Write each line below back out exactly, omitting its pictures.

☆ ☆ ☆ ☆ ☆ ☆ ☆

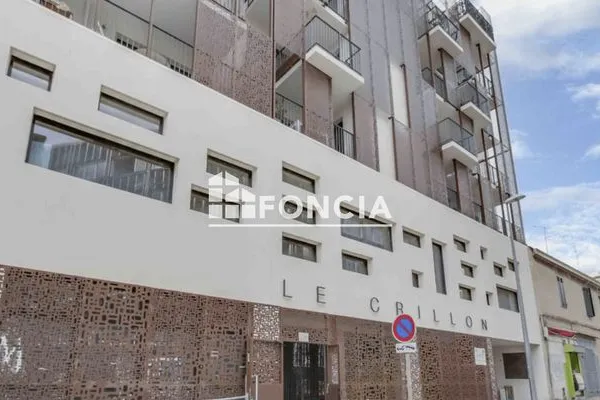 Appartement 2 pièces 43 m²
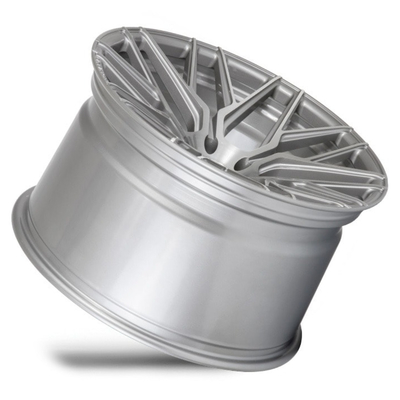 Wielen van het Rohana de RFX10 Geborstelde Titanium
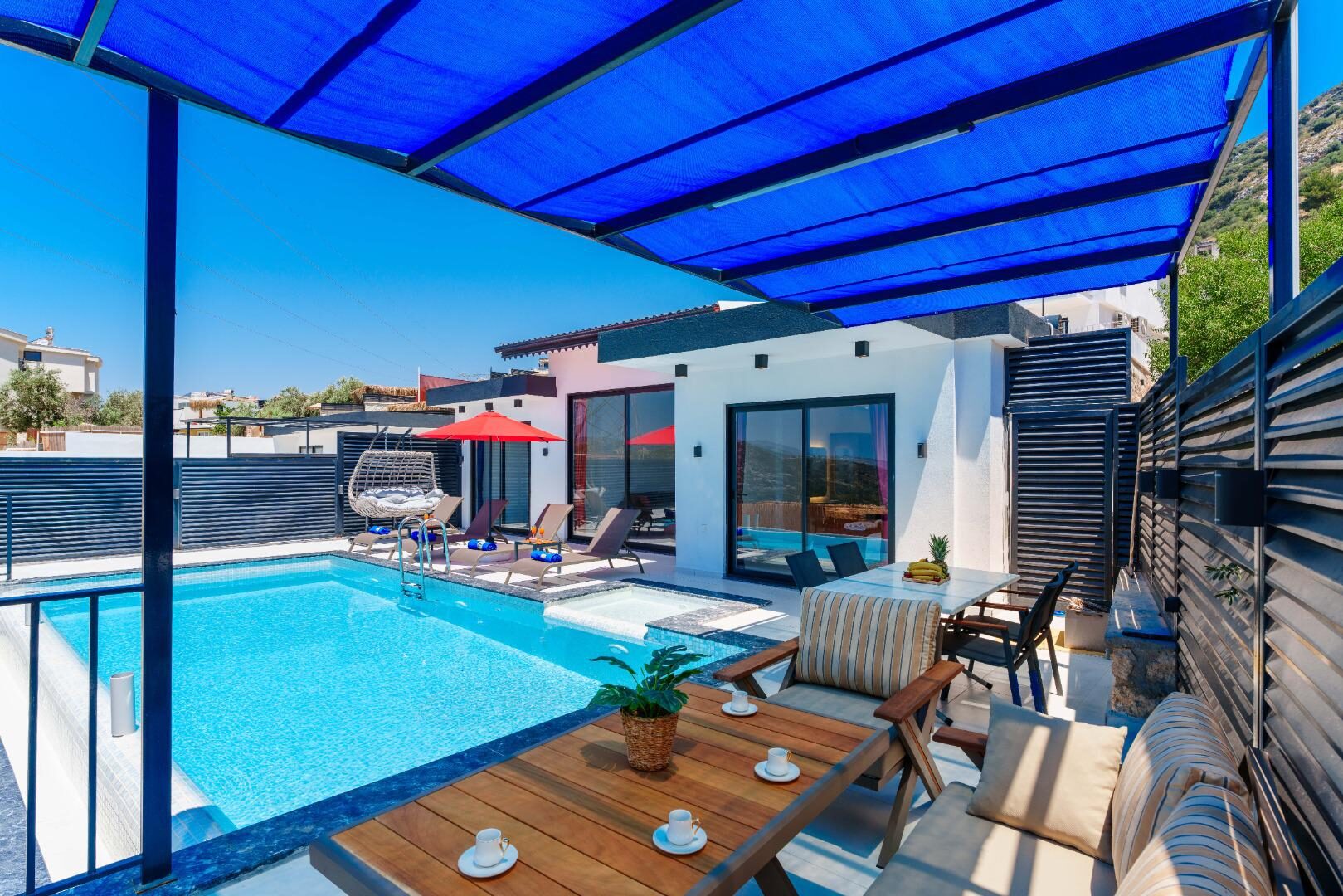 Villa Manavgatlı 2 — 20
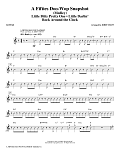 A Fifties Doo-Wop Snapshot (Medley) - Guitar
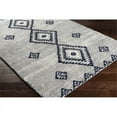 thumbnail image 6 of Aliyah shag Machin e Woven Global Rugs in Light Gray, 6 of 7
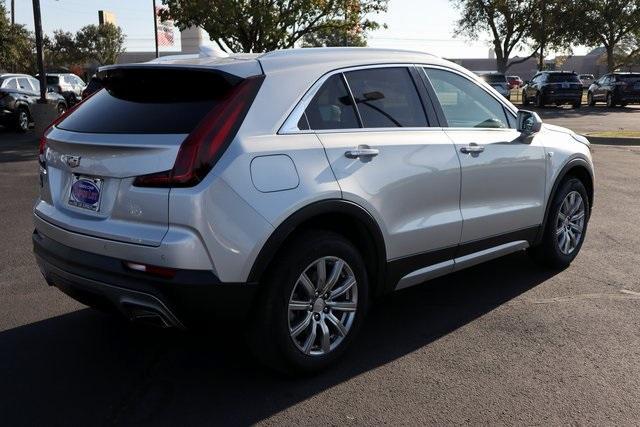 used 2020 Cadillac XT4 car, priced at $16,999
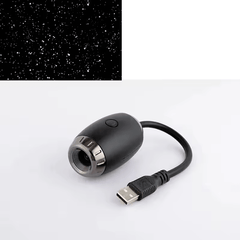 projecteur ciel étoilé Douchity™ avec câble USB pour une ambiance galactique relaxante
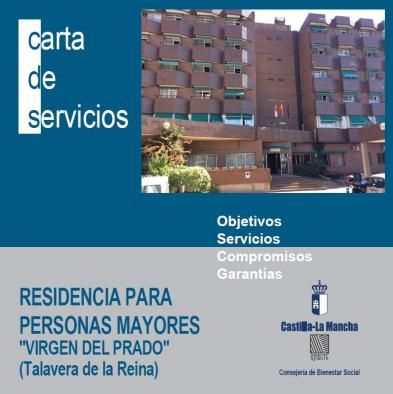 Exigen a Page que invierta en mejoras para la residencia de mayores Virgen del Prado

☆ ☆ ☆ ☆ ☆ ☆ ☆

• _Answer to the problem_
 Appartement 2 pièces 43 m²
 Wielen van het Rohana de RFX10 Geborstelde Titanium
 Villa Manavgatlı 2 — 20
 A Fifties Doo-Wop Snapshot (Medley) - Guitar
 thumbnail image 6 of Aliyah shag Machin e Woven Global Rugs in Light Gray, 6 of 7
 used 2020 Cadillac XT4 car, priced at $16,999
 projecteur ciel étoilé Douchity™ avec câble USB pour une ambiance galactique relaxante
 Exigen a Page que invierta en mejoras para la residencia de mayores Virgen del Prado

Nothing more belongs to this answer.